Electroforesis de proteínas séricas y urinarias

Métodos de estudio

La electroforesis es un tamizaje realizado sobre todo para detectar cambios cuantitativos en las fracciones de proteínas séricas y un estudio de caracterización de la proteinuria. Consiste en la separación de las proteínas presentes en el suero, la orina, el LCR u otros fluidos biológicos utilizando un campo eléctrico, en el cual las moléculas de proteínas se trasladan a una velocidad que depende de su carga en un pH debidamente seleccionado. En las separaciones electroforéticas sobre los sustratos reticulados que se utilizan normalmente (agarosa, poliacrilamida), el movimiento de las partículas también es determinado por su tamaño. El resultado de la prueba se presenta en forma de densitograma, o sea, un gráfico que muestra la densidad óptica medida de las bandas coloreadas separadas y el contenido porcentual calculado de las fracciones individuales.

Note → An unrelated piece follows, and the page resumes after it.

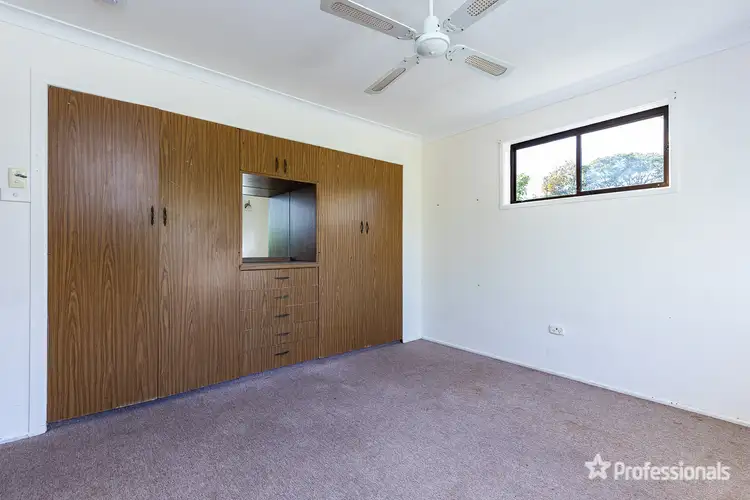 Seventh view of Homely house listing, 58 Beacon Street, Morayfield QLD 4506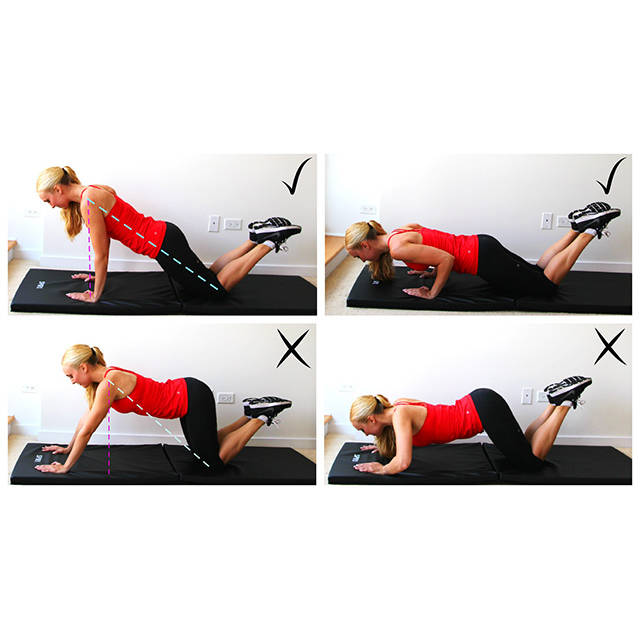 1464599059 knee push up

La electroforesis de proteínas séricas (proteinograma) por lo general se realiza en un gel de agarosa, donde las proteínas se separan en 5 fracciones: albúmina, α1-globulinas, α2-globulinas, β-globulinas y γ-globulinas (→fig. VI.C.4-3). Normalmente las inmunoglobulinas (γ-globulinas) constituyen el 12-18 % de las proteínas séricas. El estudio permite la detección y determinación de la concentración de la proteína monoclonal. La proteína M muestra en el trazado un pico estrecho y alto (a veces superior al pico de albúmina) en el área de γ-globulinas (→fig. VI.C.4-3 y fig. VI.C.4-4) o β-globulinas, pero la identificación de su tipo no es posible (se requiere inmunofijación adicional). Esta imagen electroforética típica no se observa cuando la molécula de la proteína monoclonal está compuesta solo de cadenas ligeras, debido a la eliminación rápida de dicha paraproteína en la orina. La hipergammaglobulinemia policlonal se refleja en forma de una banda ancha difusa en el área de γ-globulinas.

La electroforesis de proteínas en la orina se realiza en gel de poliacrilamida o acetato de celulosa en muestras de recolección diaria de orina concentrada 100-200 veces, dependiendo de la dilución inicial de la orina y la concentración de proteína analizada. Es un tamizaje que se realiza para la detección de la proteína de Bence Jones, es decir, de cadenas ligeras de inmunoglobulinas en la orina. También es posible hacer una prueba cuantitativa en una muestra de orina diaria. Las tiras reactivas de uso común para detectar proteínas en la orina determinan solo albúmina y no son adecuadas para detectar fragmentos de inmunoglobulinas (proteína de Bence Jones).

Utilidad clínica

Causas de la reducción de los valores

Hipogammaglobulinemia →cap. VI.I.

Causas del aumento de los valores

1) hipergammaglobulinemia policlonal

a) inflamación aguda y crónica

b) enfermedades parasitarias

c) cirrosis hepática

d) enfermedades autoinmunes, en particular enfermedades sistémicas del tejido conectivo

e) sarcoidosis

f) SIDA

g) algunos linfomas y leucemias (linfoma de Hodgkin, leucemia de células pilosas, leucemia linfocítica granular grande, linfoma angioinmunoblástico)

2) hipergammaglobulinemia monoclonal (→cap. VI.G.5)

Las irregularidades características del proteinograma para otras enfermedades →cap. V.E.4 (síndrome nefrótico) y cap. III.B.1.3.3 (enfermedades hepáticas).